**Assignment**
Nothing but the lines from the one with "945 River Road, Queenwood" through the last line of the entries below should appear in the copy, please, and no pictures.
** Provided records follows **
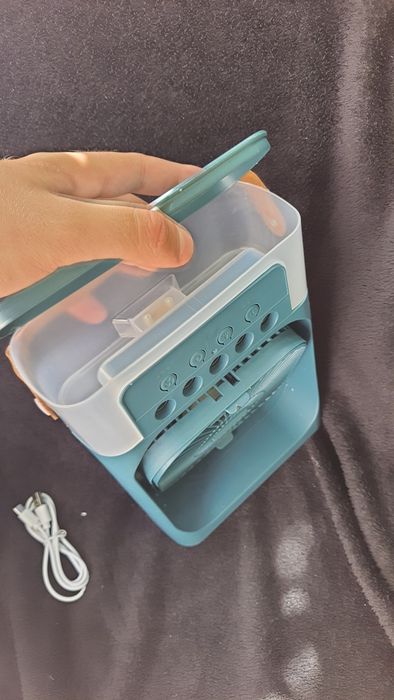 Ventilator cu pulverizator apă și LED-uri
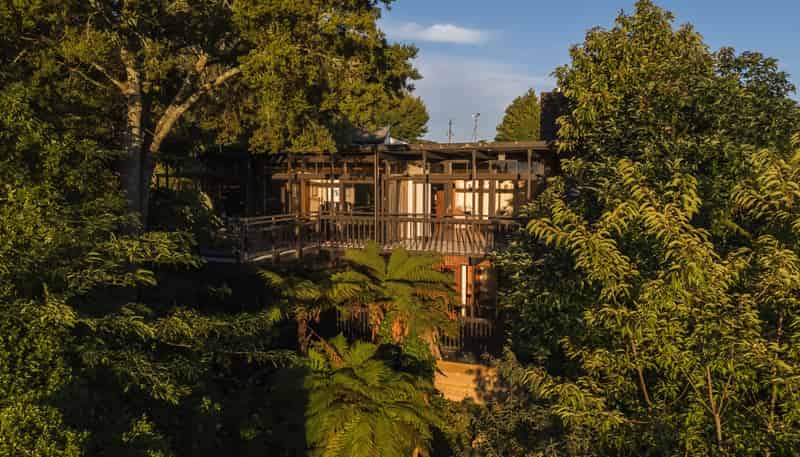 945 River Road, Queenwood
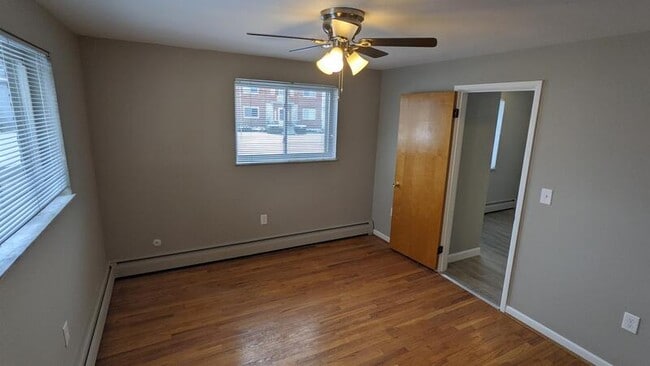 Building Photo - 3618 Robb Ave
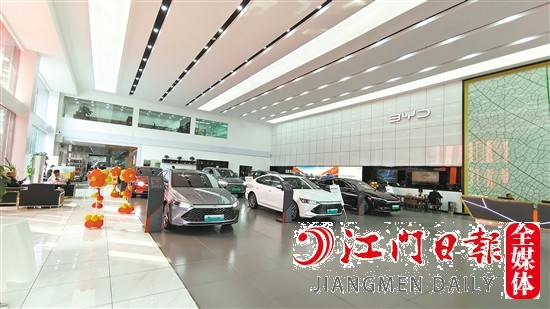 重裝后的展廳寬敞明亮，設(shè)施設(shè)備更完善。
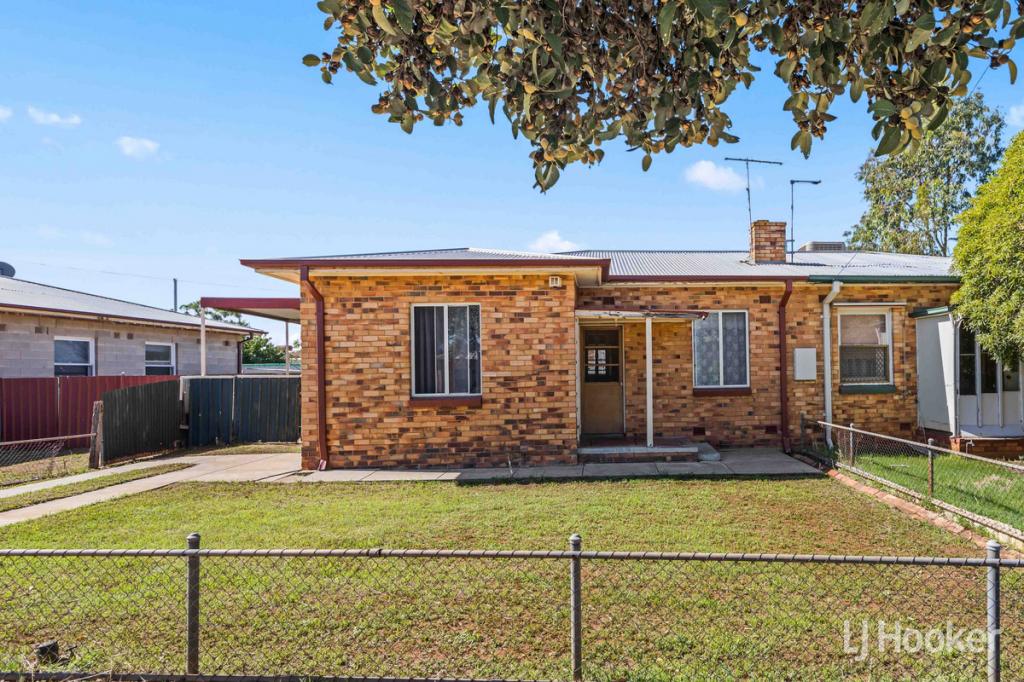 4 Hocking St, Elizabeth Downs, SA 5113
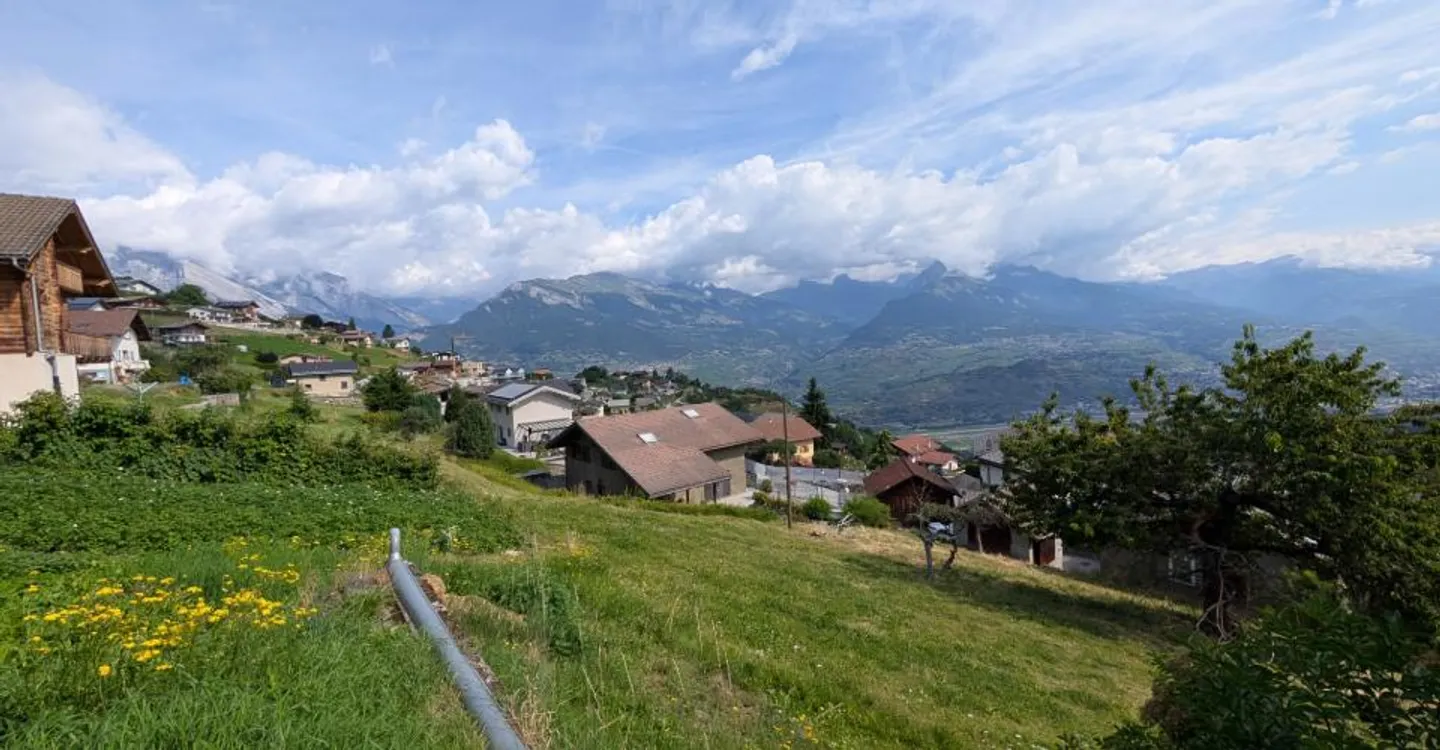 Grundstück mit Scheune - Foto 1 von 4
** End of Provided records **
**Output**
 945 River Road, Queenwood
 Building Photo - 3618 Robb Ave
 重裝后的展廳寬敞明亮，設(shè)施設(shè)備更完善。
 4 Hocking St, Elizabeth Downs, SA 5113
 Grundstück mit Scheune - Foto 1 von 4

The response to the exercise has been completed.